====== PROVIDED DATA

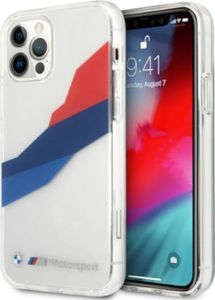 BMW Etui Bmw Bmhcp12Lsktgt Iphone 12 Pro Max 6,7" Transparent Hardcase Motorsport Tricolor 1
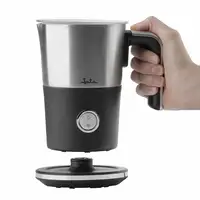 JATA JECL1900 espumador o calentador de leche Automático Negro, Acero inoxidable
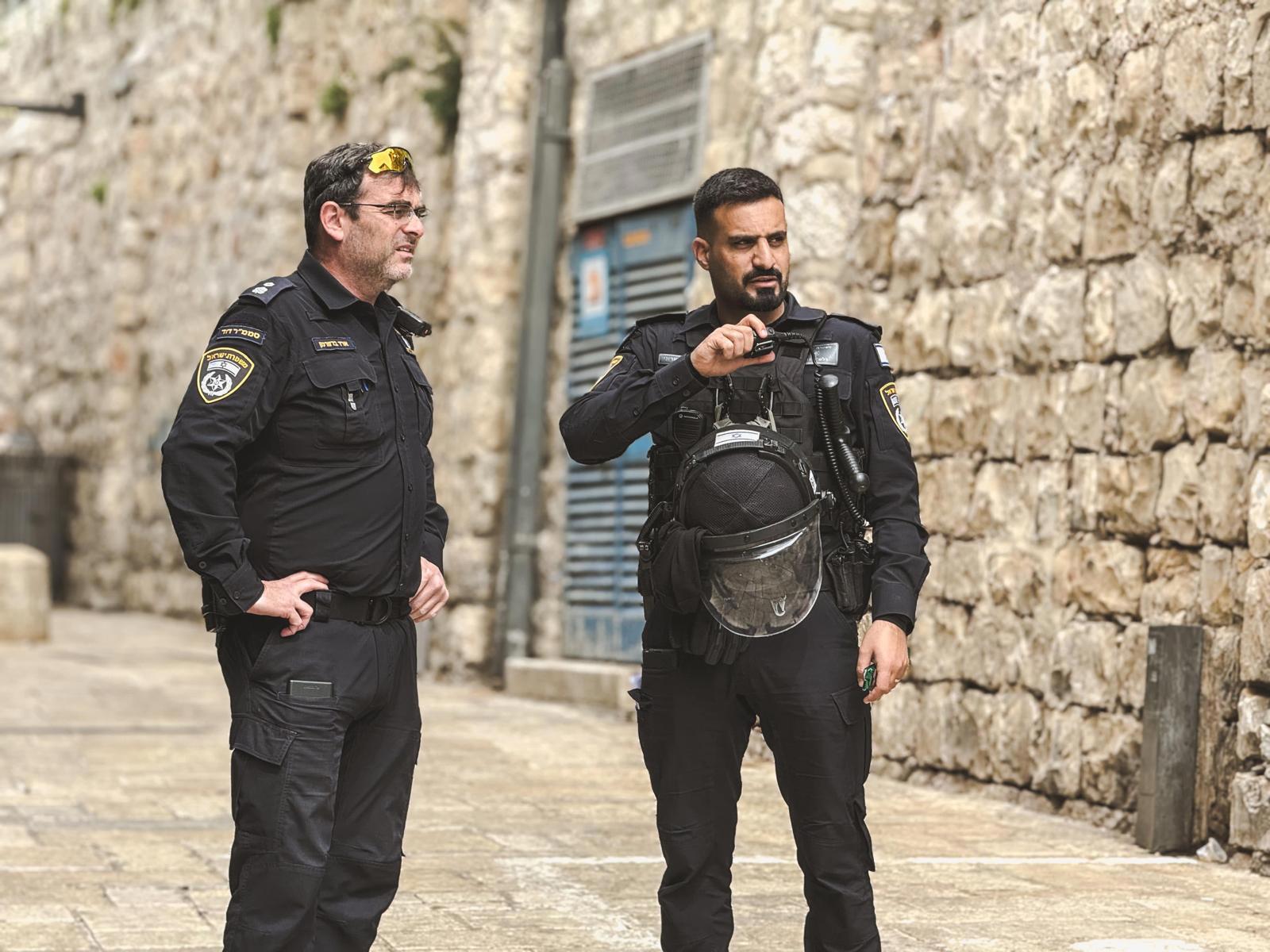 מג"ב בעיר העתיקה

============

DIRECTIONS FOR THIS TASK> An exact reproduction of the material above is needed, without its pictures.

FINISHED EXERCISE>
 BMW Etui Bmw Bmhcp12Lsktgt Iphone 12 Pro Max 6,7" Transparent Hardcase Motorsport Tricolor 1
 JATA JECL1900 espumador o calentador de leche Automático Negro, Acero inoxidable
 מג"ב בעיר העתיקה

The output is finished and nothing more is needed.